OFFICIAL INFLATION IS UNDERSTATED. Your wallet will tell you that.So, what is unofficial inflation? In my doctoral dissertation, An empirical identification of an appropriate inflation definition and an inflation targeting monetary regime, I developed a new methodology for measuring inflation, and here it is:
THE ETII: ELLIOTT TRUE INFLATION INDEX
THE RESULTS OF MY RESEARCH
In a nutshell, my research shows that with a 25% margin of error to the UPSIDE only, official inflation is understated by 285.33%. Current official inflation in December 2020 is at 1.0% (according to the CPI). Based on my research true inflation is: 2.55%
AVERAGE ANNUAL INFLATION SINCE 2000 = 5.93%
WHY DOES UNDERSTANDING INFLATION EVEN MATTER?
It matters a TON! CPI inflation which is the OFFICIAL inflation measurement vehicle reported by the government, understates inflation, as we have just seen.
REAL RETURN ON A CERTIFICATE OF DEPOSIT (CD)
Current 1 year CD rates are about .28%
Most people believe this is a guarantee not to lose money. But, with unofficial inflation averaging 5.93%, the guarantee of a CD means since 2000 you will be guaranteed to lose 84% of your investment because you are really losing 4.20% per year. LET ME REPEAT THIS!
Since 2000, CDs have a 33.72% gain or 1.61% per year. But, when you account for inflation, the average per year was a -4.20% LOSS.
THAT IS A HORRIBLE GUARANTEE!
REAL RETURN ON TREASURY BONDS
Since 2000 the total return on a 30 year treasury bond is 64.34% or 3.06% per year.
With INFLATION at 5.93% on AVERAGE, a 30 YEAR TREASURY BOND has an average loss of -1.84% per year!
REAL RETURN ON STOCKS
IN 2000, the Dow Jones Industrial Average was 11,239. By Nov 2020, twenty years later, the DJIA is at 29,520. Some up years, and some down. But average growth per year 6.86%
With INFLATION at 5.93% on AVERAGE, a BROAD BASED STOCK PORTFOLIO would be growing at a rate of 0.93% PER YEAR.
REAL RETURN ON REAL ESTATE
In 2000, the median home price in the U.S. was $185,800. In November 2020, the median home price in the U.S. is $322,340. That is UP 77.57% since 2000, averaging 3.69% per year.
Accounting for inflation, real estate is DOWN 2.24% PER YEAR!
REAL RETURN ON GOLD
In 2000, gold was $289 per ounce. November, 2020 gold is $1918. That is UP 177.06% in since 2000! That’s an average of 8.32% per year.

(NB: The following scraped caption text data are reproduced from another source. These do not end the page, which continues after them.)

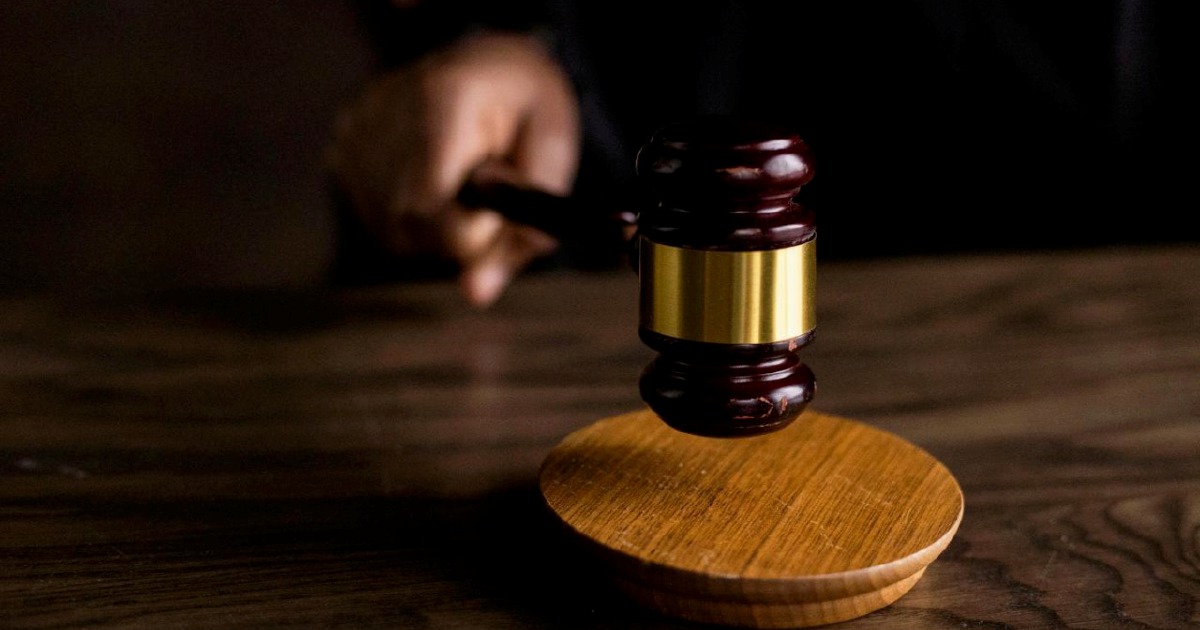 Court rules handing newborn to intermediary can constitute abandonment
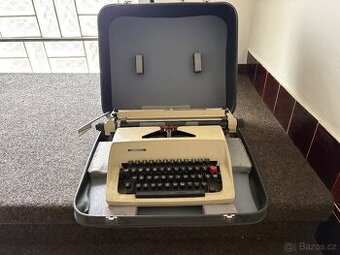 Consul psací stroj s kufříkem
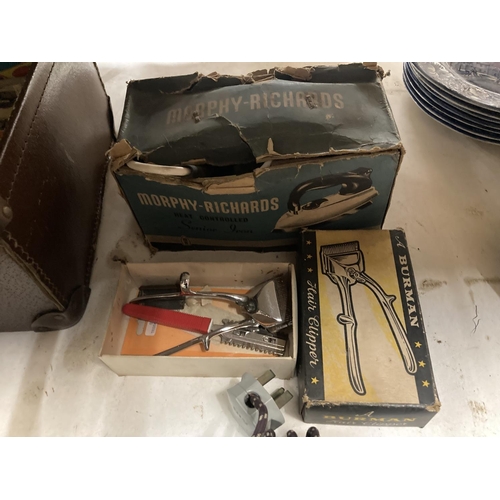 370 - A BOXED VINTAGE MORPHY RICHARDS IRON, BOXED BURMAN HAIR CLIPPERS AND A VINTAGE ELECTRIC IRON WITH WO... 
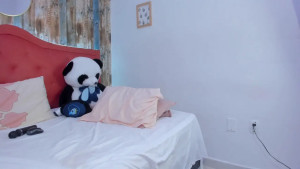 Hi guys I m doing mad Tuesday sale Live cam 10 minutes 15 First 5 guys only Tip me 15 and send me a message 2902462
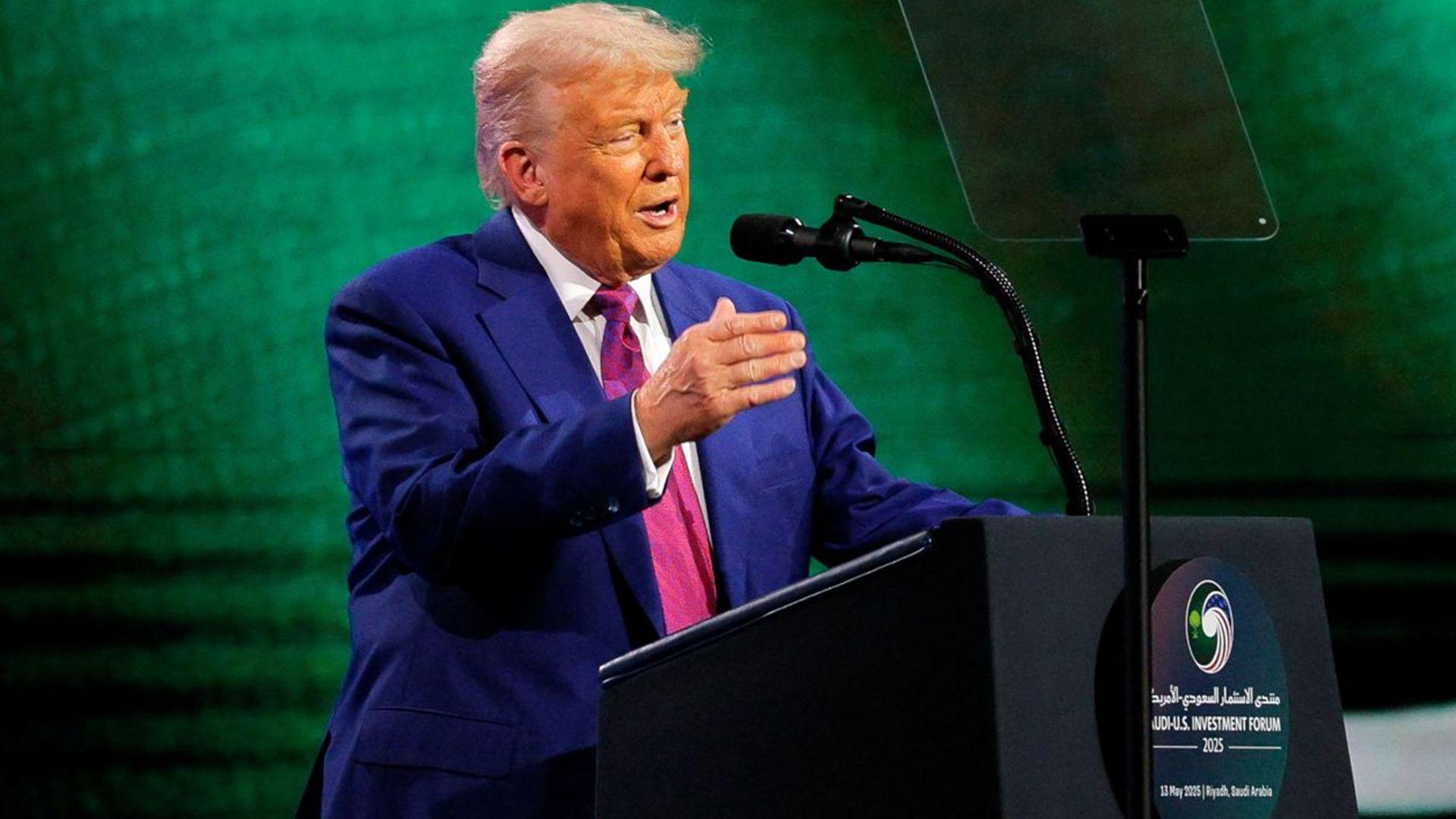 ترەمپ: بڕیارمدا سەرجەم سزاكانی سەر سوریا هەڵبگرم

Taking inflation out, gold is still up on average 2.39% PER YEAR!
REAL RETURN ON SILVER
In 2000, Silver started the year at $5.10 per ounce. November 2020 silver is $25.10 per ounce. That is UP 174.78% since 2000, or 9.20% per year. Taking inflation out, and silver is still up on average 5.06% PER YEAR!
COMPARING DIFFERENT INVESTMENT RETURNS THIS CENTURY
Which is the best investment for you to protect and preserve your portfolio? The only way to grow your portfolio over time is to outpace unofficial inflation.
I wanted to go back to 2000 for this study to have a long term analysis, as different assets go up and down at different times, but this span of almost two decades will have ups and downs considered across all markets.
INFLATION ADJUSTED AVERAGE ANNUAL RETURNS (2000-2020)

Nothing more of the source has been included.